The descent on the top half is a bit dicey because of the roads and grade but the lower half was great. Saw about 3 bikes on my way up and 3 on my way down. Virtually no auto traffic. 

From there headed over to Dry Creek for a picnic on mostly flat roads. 128 and Alexander Valley Road had a decent amount of traffic. 

Link to the ride here:

https://ridewithgps.com/trips/328256

https://ridewithgps.com/trips/328256/full.gif


----------



## fogman (Mar 6, 2008)

mcwenzel said:


> ...
> The last mile or so kicked my ass. I have ridden up pretty steep grades in San Francisco and Redwood Gulch but this was the first time I considered getting off the bike. I had to weave back and forth to make it up but there was gravel on each side of the road that narrowed the path. Here is a picture just before I hit the steepest grade.
> ...


Team Astana training ride in Sonoma County, California filmed on Saturday February 7th 2009. Look for the link after I manage enough posts. Crap. :mad2:


----------



## fogman (Mar 6, 2008)

*Pine Flat Road*



fogman said:


> Team Astana training ride in Sonoma County, California...
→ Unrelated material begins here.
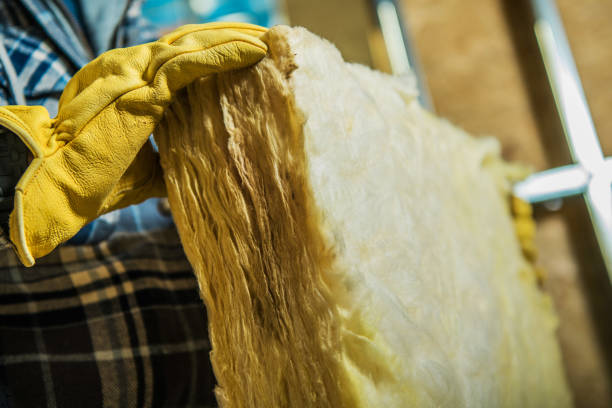 Best Energy-efficient Insulation  in Thompson, ND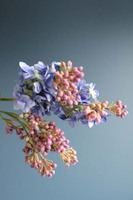 gałązka lilak pospolity, bez niebieski, dł. 70cm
The last mile . :thumbsup:


----------



## mcwenzel (Jun 9, 2006)

Astana looked a hell of a lot better than I did going up that stretch.


----------



## fogman (Mar 6, 2008)

mcwenzel said:


> Astana looked a hell of a lot better than I did going up that stretch.


Yep. No pictures allowed when I gut it up this road! It is a climb. Always cracks me up, that finish.

More silliness. This may be a touch dramatic. Funny though.
Live Strong—We Dare You

*Pine Flat* Locally recognized as an unforgiving 12-mile trail of terror, especially the insanely steep final stretch before the fire road gate. In training, Leipheimer and Alberto Contador raced to the top, with Contador as the winner (Fant was riding behind, and, Fant says, "It looked like he was riding an escalator"). On a separate training day involving Chalk Hill Road, Ida Clayton Road and Franz Valley Road, Lance Armstrong and the Astana team rode halfway up Pine Flat, changed their minds, and turned around. No joke.


----------